====== Data shown ======

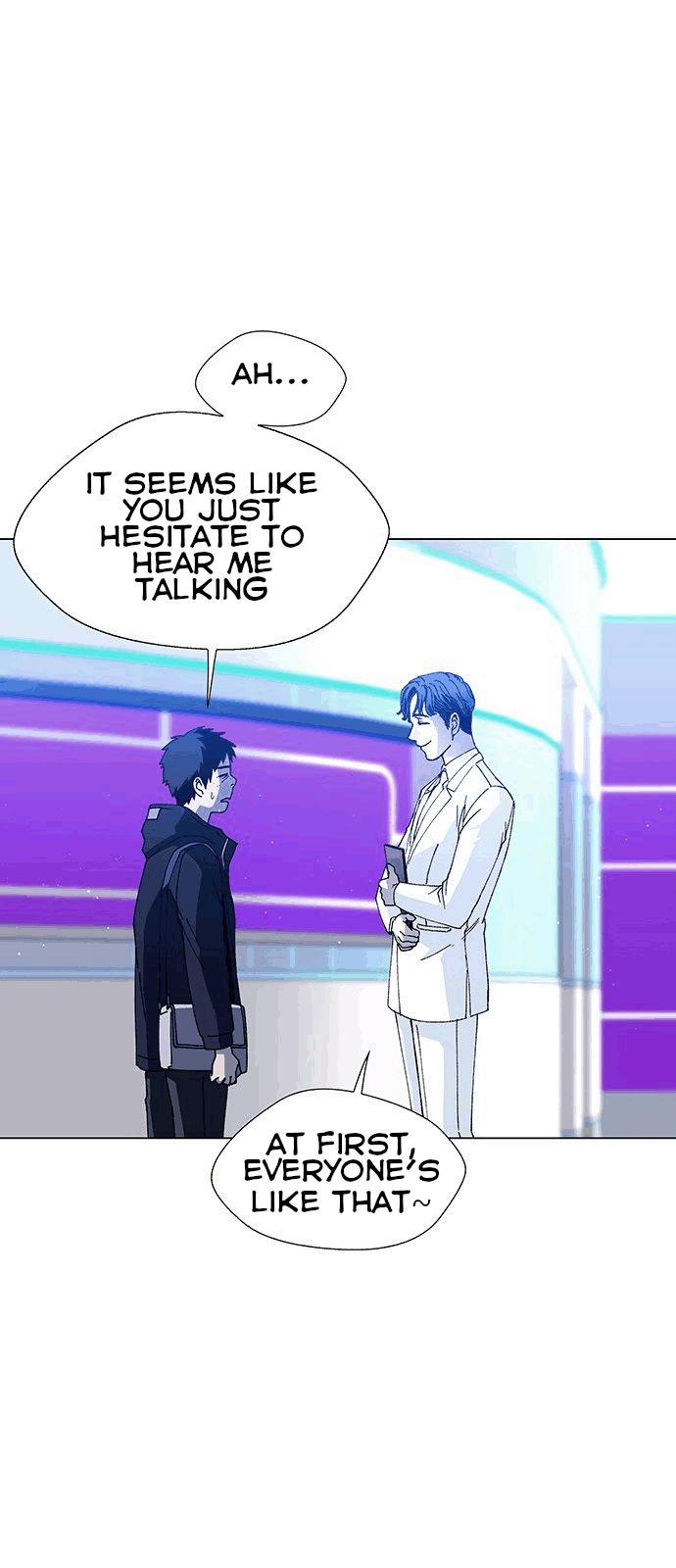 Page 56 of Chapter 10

======
====== Data shown ======

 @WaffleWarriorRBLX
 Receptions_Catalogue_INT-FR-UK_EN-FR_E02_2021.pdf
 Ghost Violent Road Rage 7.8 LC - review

======

> **Prompt**:
From the entries above, return exactly the line containing "Receptions_Catalogue_INT-FR-UK_EN-FR_E02_2021.pdf", the line containing "Ghost Violent Road Rage 7.8 LC - review", and all lines between, and nothing else.

> **Output**:
 Receptions_Catalogue_INT-FR-UK_EN-FR_E02_2021.pdf
 Ghost Violent Road Rage 7.8 LC - review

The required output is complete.